Arnavutların %30’u domuz eti yiyor fakat domuz eti asla kasaplarda satılmıyor. Domuz eti yol kenarlarında gördüğümüz derme çatma yerlerde satılıyor. Yıllardır kapalı bir ülke olan Arnavutlukta insanlar yaklaşık yirmi yıldır araba kullanıyorlar, sokaklarda kaza yapmış arabalar gerçekten de dikkat çekecek derecede fazla. Toplam araba yüzdesine baktığımızda arabaların % 60’ ının Mercedes olduğunu rahatlıkla söyleyebiliriz. Motor kullanırken kask takmıyorlar.(Doğal kaskları varmış)

     
                  Mercedes Diyarı       
                                                            
                             Enver Hoca Piramidi

Arnavutların çok inat olduğu söyleniyor hatta bu konuda bir hikaye anlatıldı. İki Arnavut çatı ustası evin tepesinde çalışıyorlar. Doğal olarak sıcakta susuyorlar ve suları bittiğinde o diyor sen al, o diyor sen al, inat ediyor ikisi de almıyor ve çatıda çatlayarak öldükleri söyleniyor.

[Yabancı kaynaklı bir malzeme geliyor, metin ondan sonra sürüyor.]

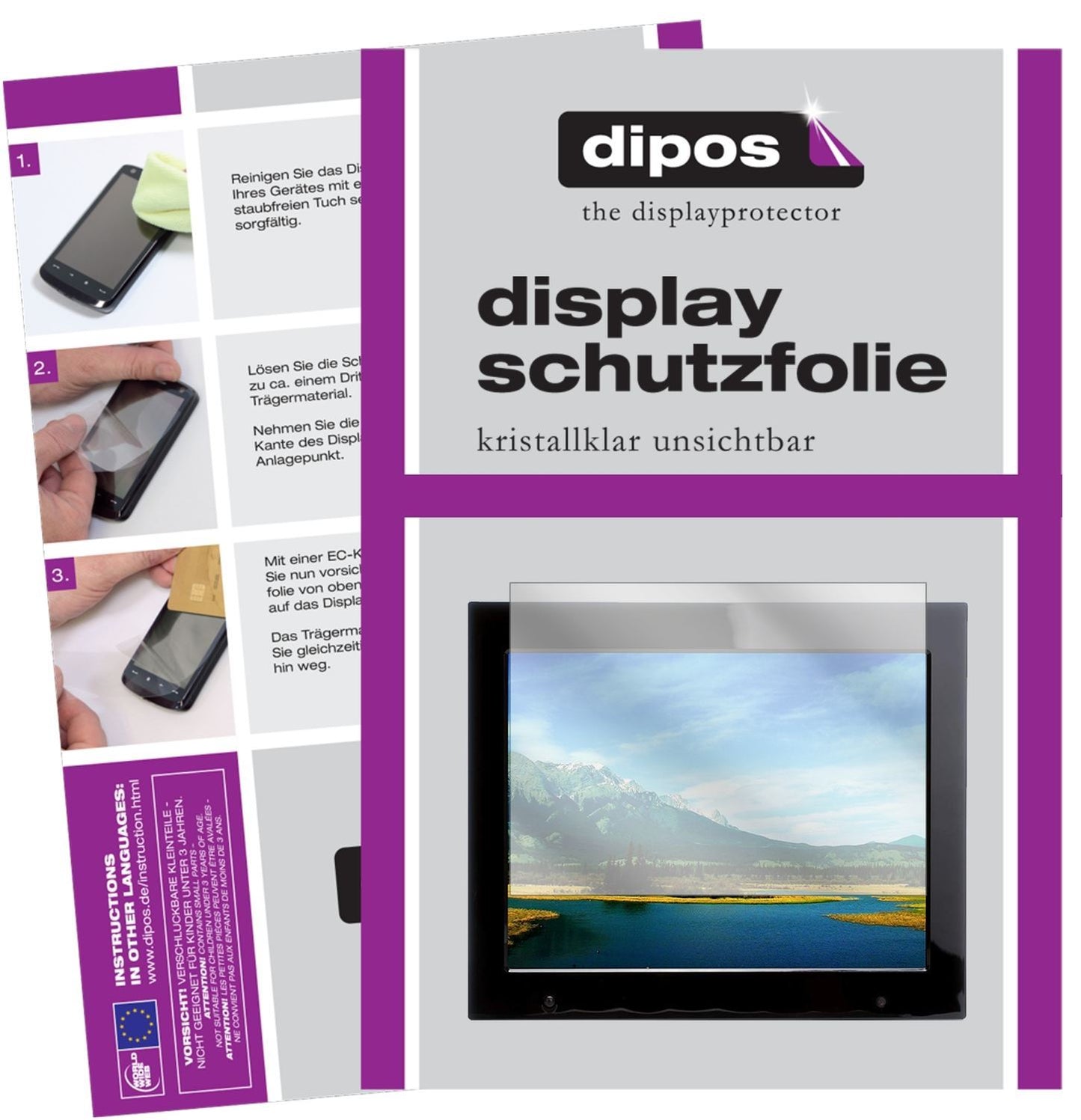 2x Schutzfolie klar für Xoro DPF 15B1 Display-Schu (1)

Tarihi olarak Arnavutluğa baktığımızda Enver Hoca’yı anlatmadan geçemeyiz. Halk tarafından %95 lerle seçilen Hoca idamlarıyla meşhur. En ufak bir problemin karşılığı otomatik olarak idam. Böyle olunca halk mecburi demokrasi gösterisi yapıyor. Öldükten sonra Arnavut halkının çoğunluğu Enver Hocadan memnun olmadıklarını dile getiriyor.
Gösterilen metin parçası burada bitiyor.